* Work to complete *
With the pictures left out, write out exactly the lines of the listing below that run from the line with "Sánchez anuncia 13.000" through the line with "Ugoden najem jadrnice Slovenija".

* Dataset records *
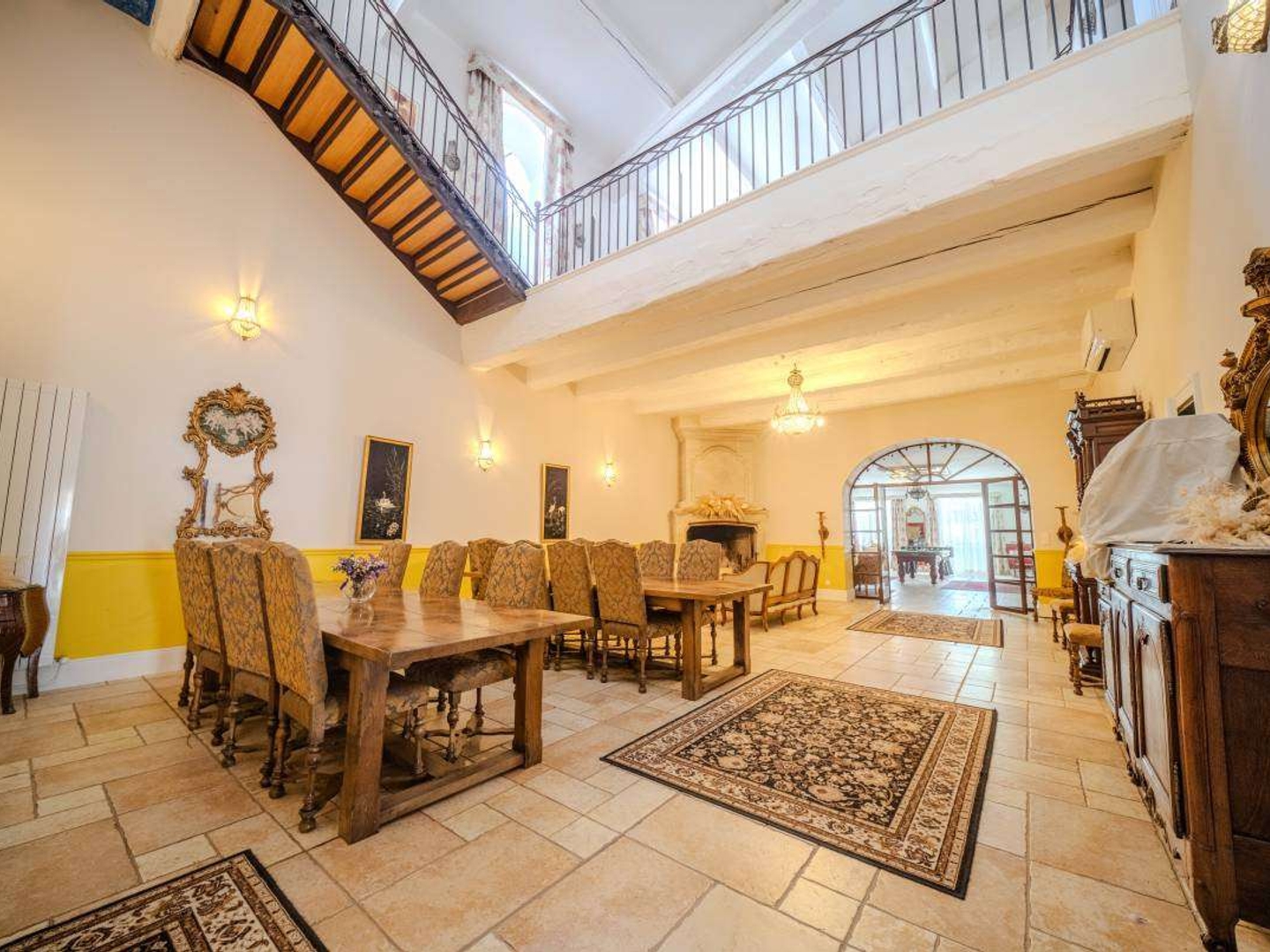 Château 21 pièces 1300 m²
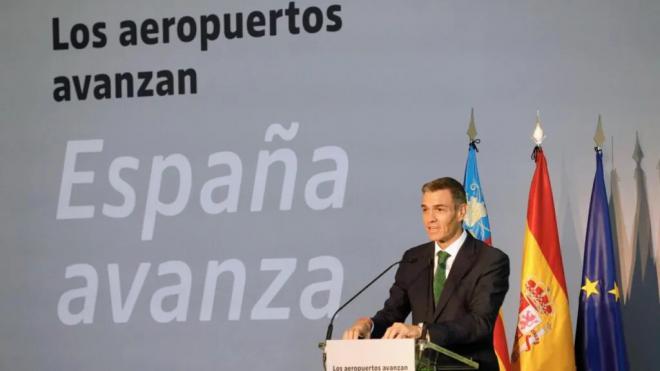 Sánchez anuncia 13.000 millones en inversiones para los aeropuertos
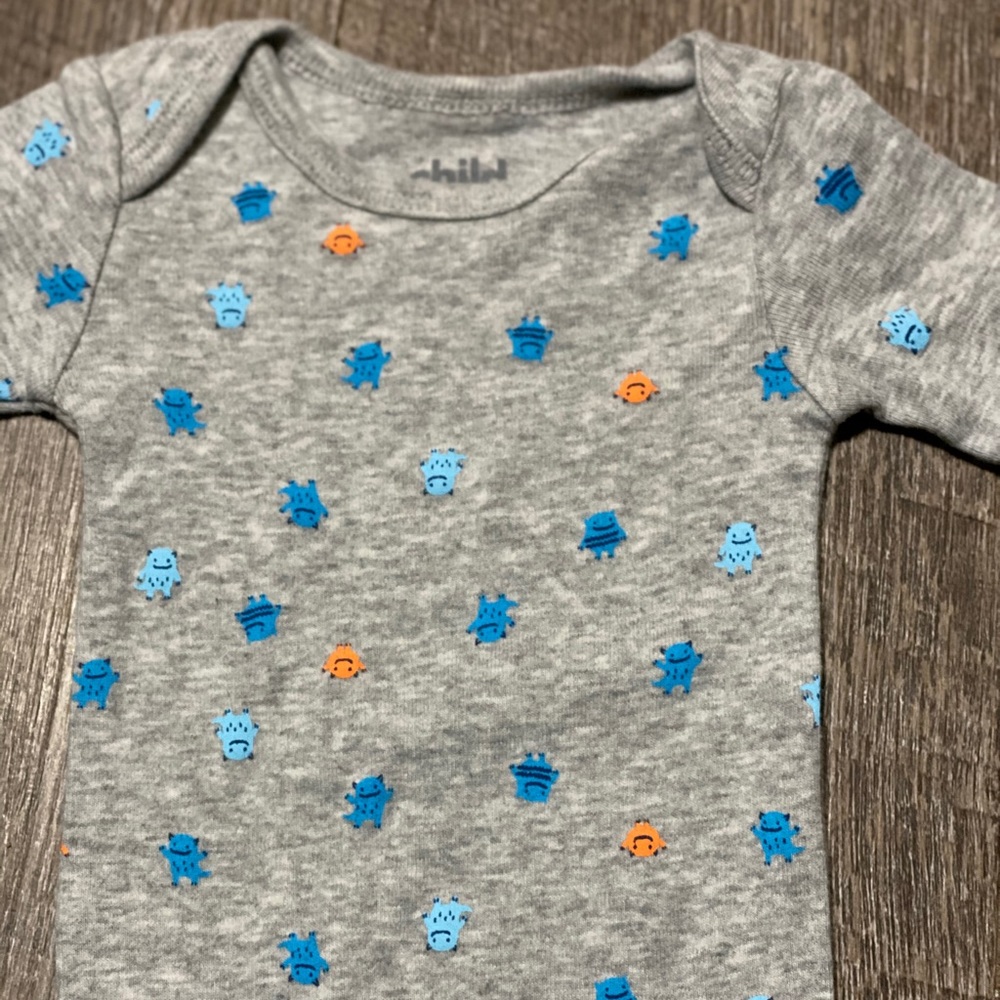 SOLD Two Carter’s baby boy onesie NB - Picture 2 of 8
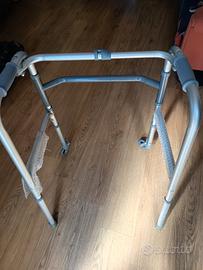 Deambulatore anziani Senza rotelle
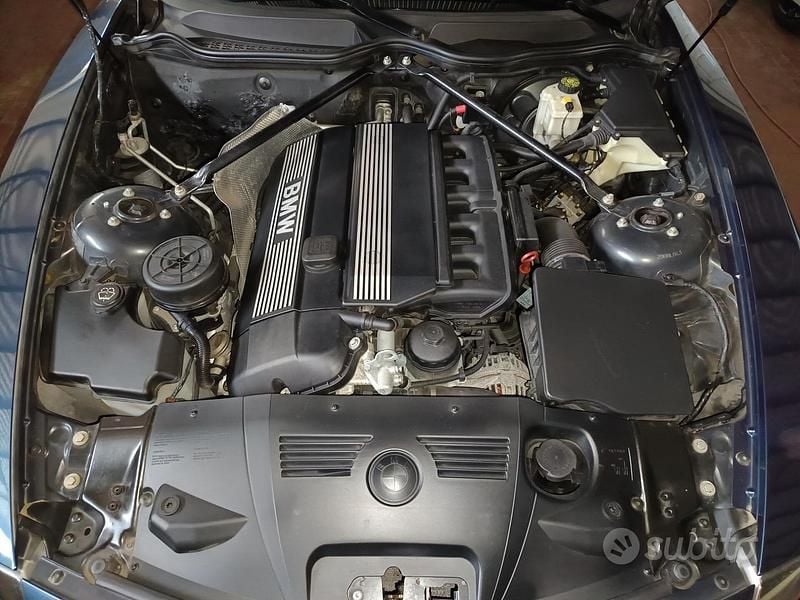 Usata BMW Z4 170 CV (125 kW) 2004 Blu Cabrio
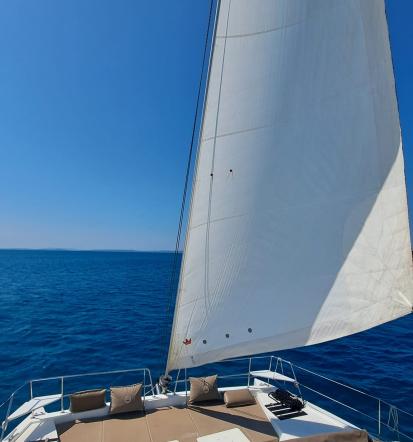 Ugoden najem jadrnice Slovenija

...

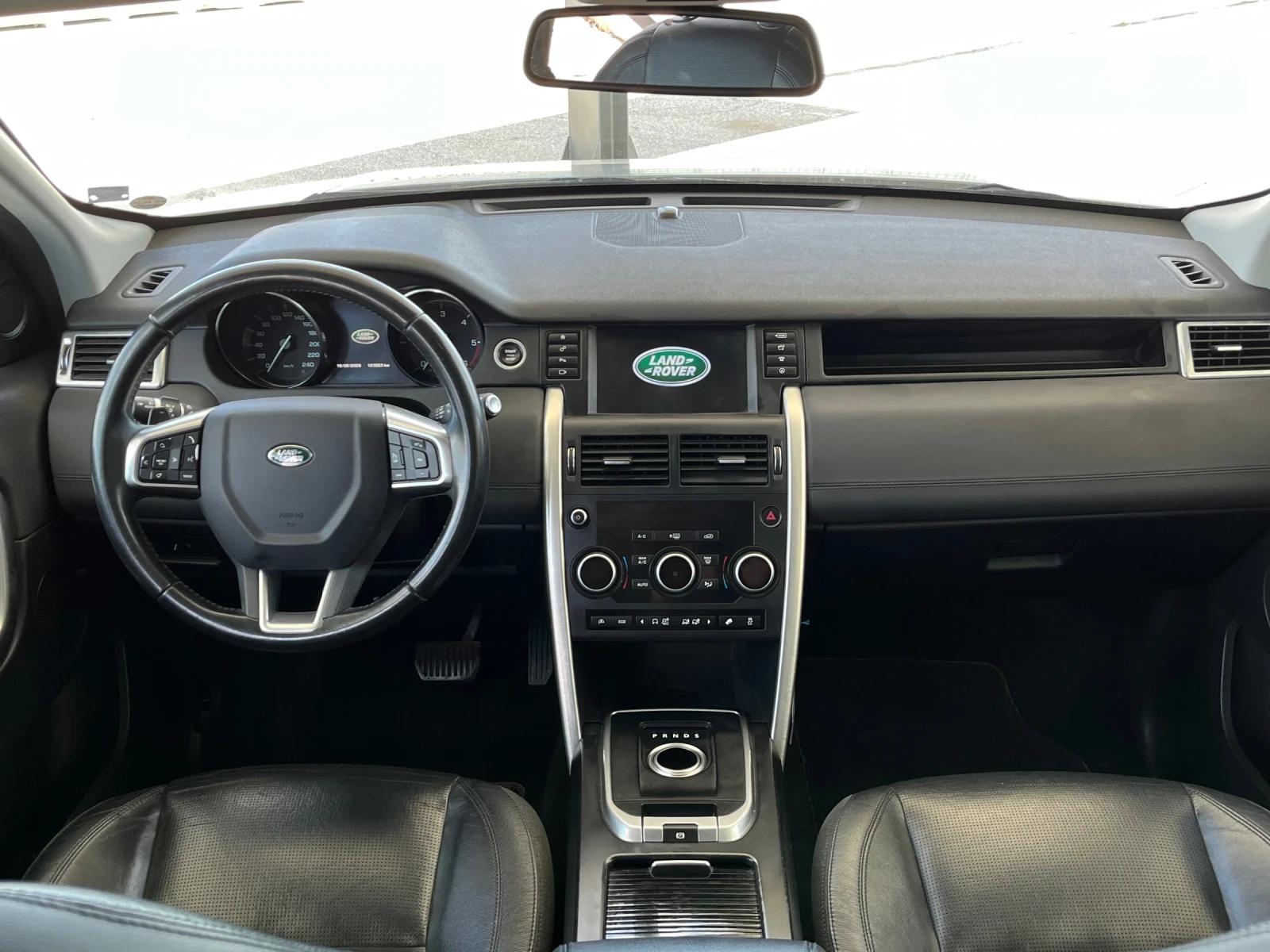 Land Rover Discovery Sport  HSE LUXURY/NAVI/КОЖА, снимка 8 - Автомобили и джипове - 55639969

* * *

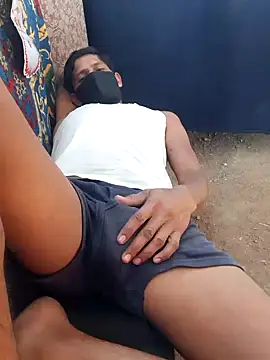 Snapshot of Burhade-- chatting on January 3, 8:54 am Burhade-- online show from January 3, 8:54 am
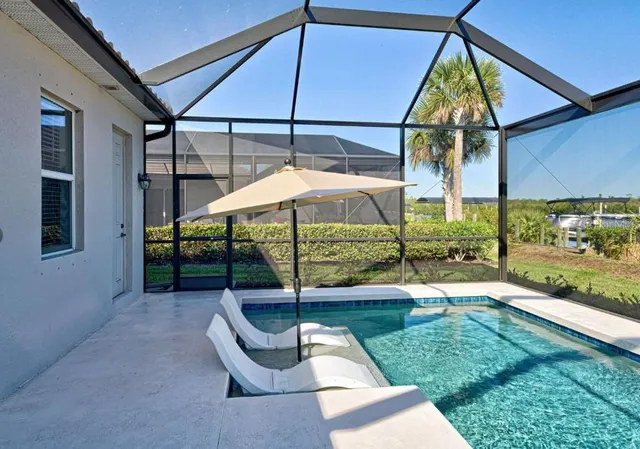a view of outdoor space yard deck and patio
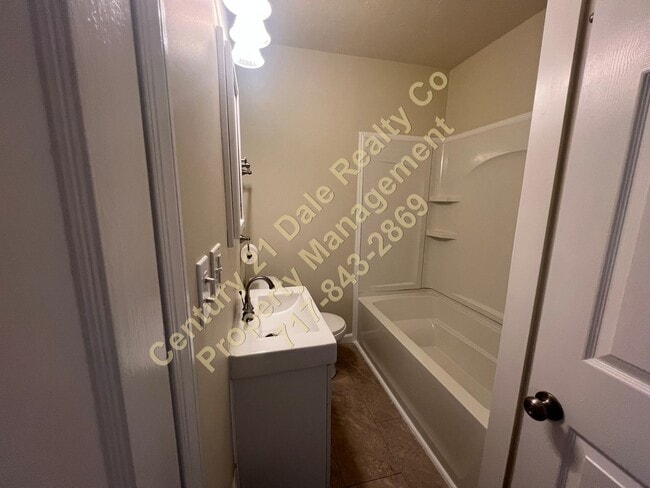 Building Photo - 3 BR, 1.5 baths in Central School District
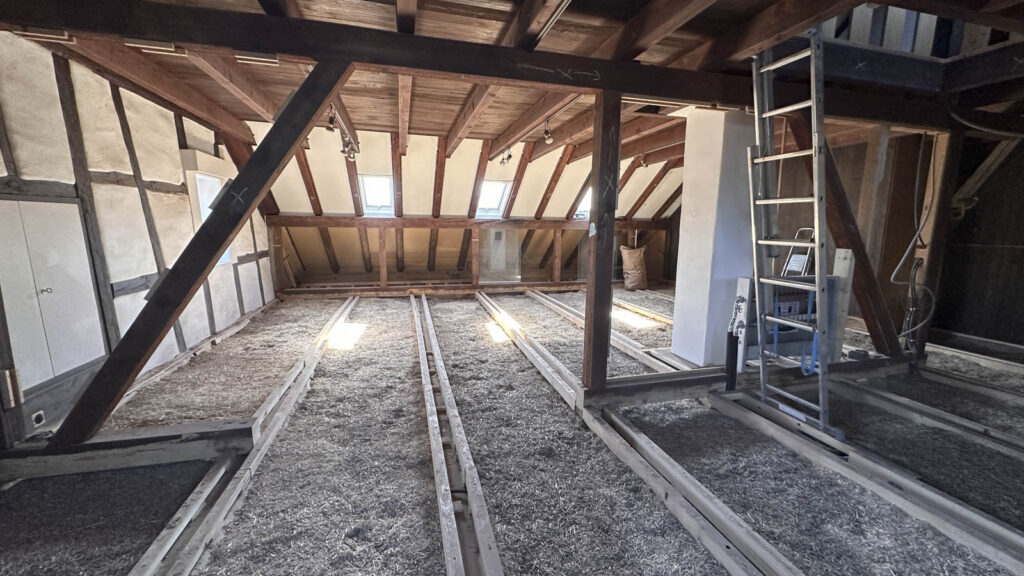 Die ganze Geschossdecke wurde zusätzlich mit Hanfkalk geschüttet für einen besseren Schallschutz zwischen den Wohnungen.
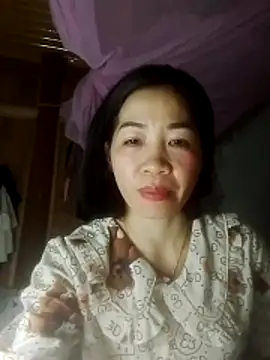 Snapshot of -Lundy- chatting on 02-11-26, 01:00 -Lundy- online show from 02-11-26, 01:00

* Task response *
 Sánchez anuncia 13.000 millones en inversiones para los aeropuertos
 SOLD Two Carter’s baby boy onesie NB - Picture 2 of 8
 Deambulatore anziani Senza rotelle
 Usata BMW Z4 170 CV (125 kW) 2004 Blu Cabrio
 Ugoden najem jadrnice Slovenija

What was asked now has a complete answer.